John Henry, in EVERY revolution - from the French Revolution, forward - there is always a MOMENT when those who have been sorely oppressed by the majority, having seized the high ground, cry, "KILL the OPPRESSORS!" A cry that ALL people shall identify with the standards of the formerly oppressed, and even acknowledge them as masters, and governors. I think this is just what is happening at the fringes of the movement to help transgendered people, now. And it is very rarely a good thing,
John Henry. I think this is a tendency we ought to resist.
YES - we must love and care for our transgendered sisters and brothers. YES - we must fight, vigorously, for their human and legal rights. So that they can be happy, and comforted, and the burdens of a conflicted gender-identity can be lifted, from their shoulders.

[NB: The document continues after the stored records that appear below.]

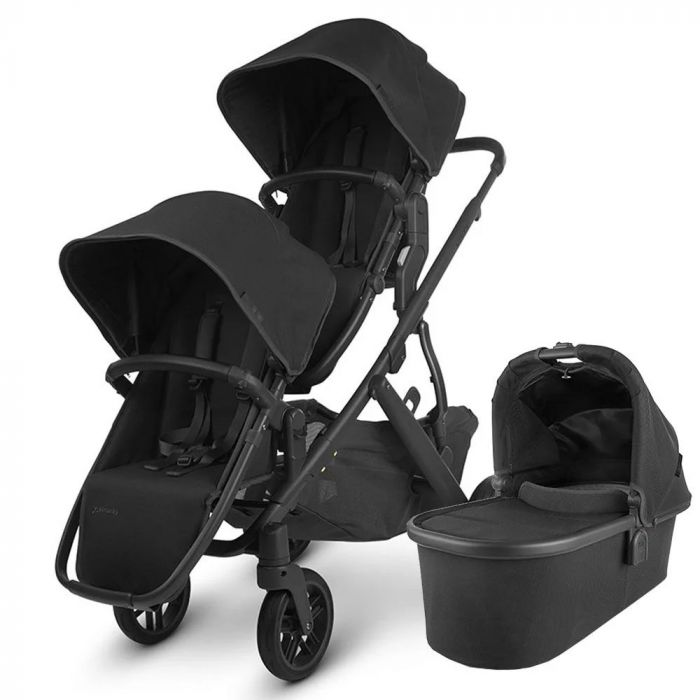 UPPAbaby VISTA V2 Double Pushchair & Carrycot - Jake product image
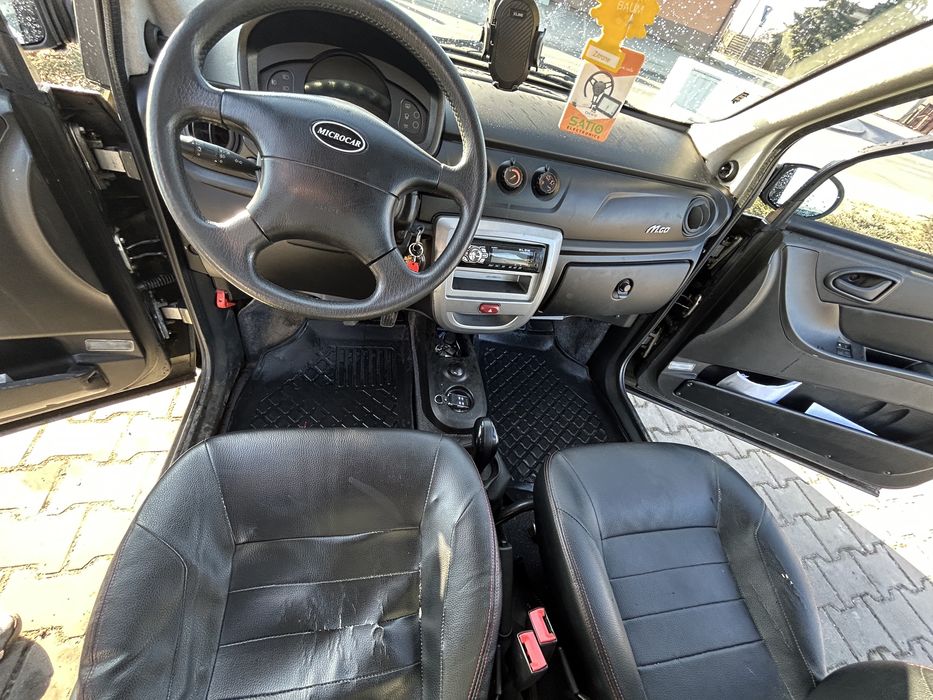Sprzedam Microcar MGO2
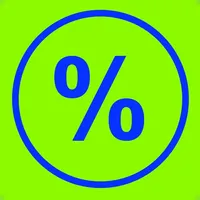 Brutto Netto Prozent Rechner icon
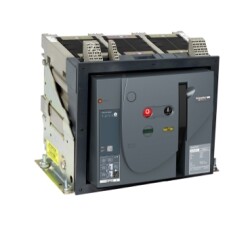 EP MVS CB 800A 65KA 3P MF ET2 FIXED MANU PPACB - Schneider Electric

But NO - I do not think that infants should be described as gender-neutral, from birth - because, in fact, 99 per cent of them, are NOT. (Including little gay boys like me, who loved to play with DOLLS ;-) NEITHER, I think, should we alter the whole structure of the English language, and start calling each other "ze" and "zir", simply to placate a vocal minority. Of course there must be justice and kindness to those who have been misunderstood - but, to my mind, that entails REFORM of our social practices, not wholesale
revolution.
As far as Ms. Jenner looks in a skirt - that's her business, and I could care less - LOL! Ms. Jenner has won both praise and condemnation for her aesthetic - the choice to present herself (as a woman) in such a glamorous fashion, on the cover of
Vanity Fair.
Naturally,
John Henry, I think Ms. Jenner ought to be able to dress as she pleases. But. . . some of her statements and ideas about "what it means to be a woman" have proven to be quite troubling to women who were born as women, and feminists in general. While I hope that these differences can be resolved. . . I think there are some significant issues, there. Caitlyn Jenner told Diane Sawyer that what she was most looking forward to (as a woman): was the chance to wear nail polish, until it chips off. In this regard, I sort of agree with Professor Elinor Burkett, who said, "Nail polish does not a woman make."

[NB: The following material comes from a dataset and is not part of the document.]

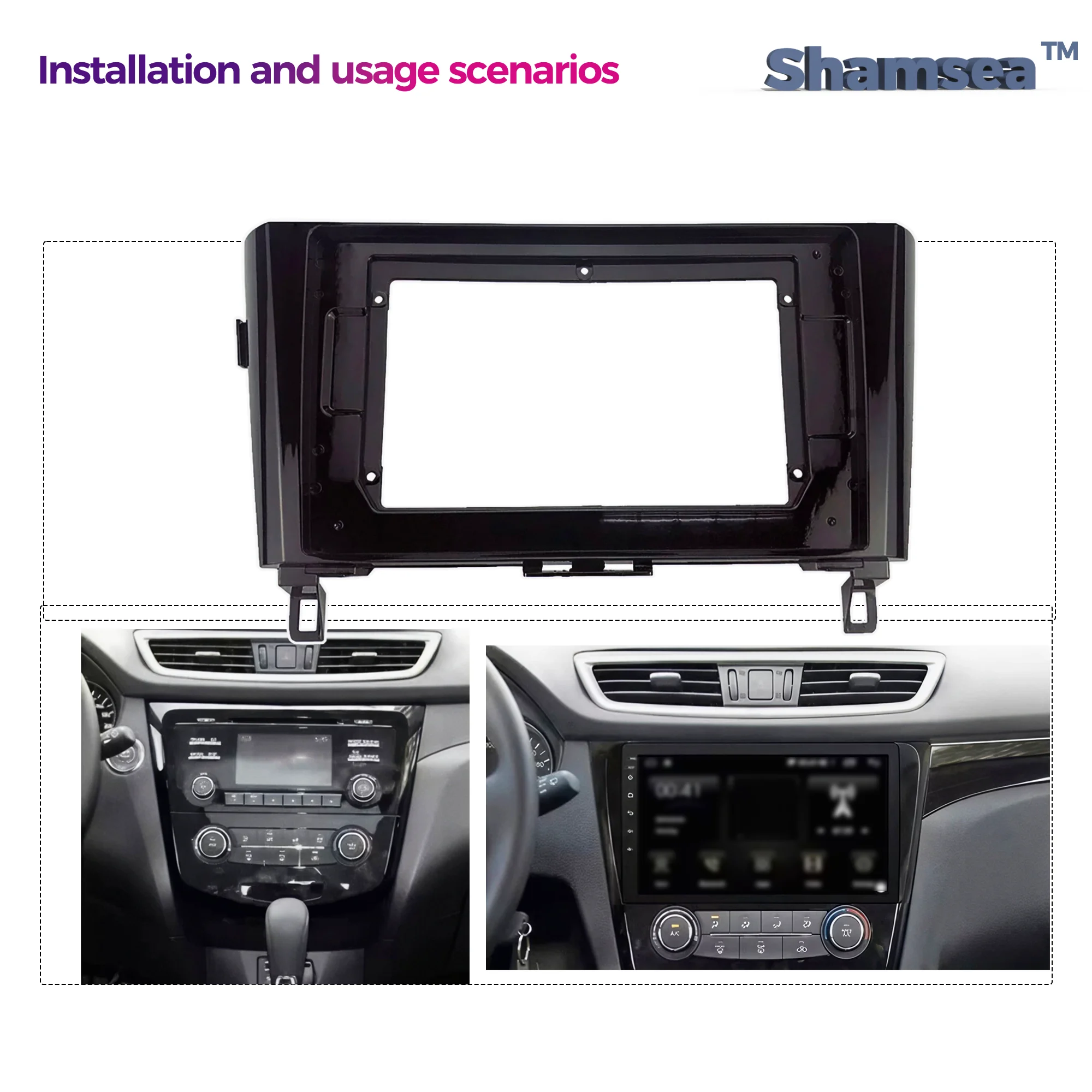 10.1 Inch Double Din Car Stere - Diy Electronics Radio recension och pris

http://www.nytimes.com/2015/06/07/opinion/sunday/what-makes-a-woman.html
In short,
John Henry, this is a very, very, complicated issue - fraught with difficulties, and social significance. (And, I might saucily add - a site populated mostly by old gay men, like me, is not necessarily the greatest place to get real answers about what does or doesn't, constitute womanhood.) Of course, I hope that everyone gets through it, all right! And lest you think that this is a critique of your post, JH, it is
not. . . it is simply a reflection upon some of the complexities, involved. In fact, I admire you greatly, for your courage (and good heart) in raising this just the way you did!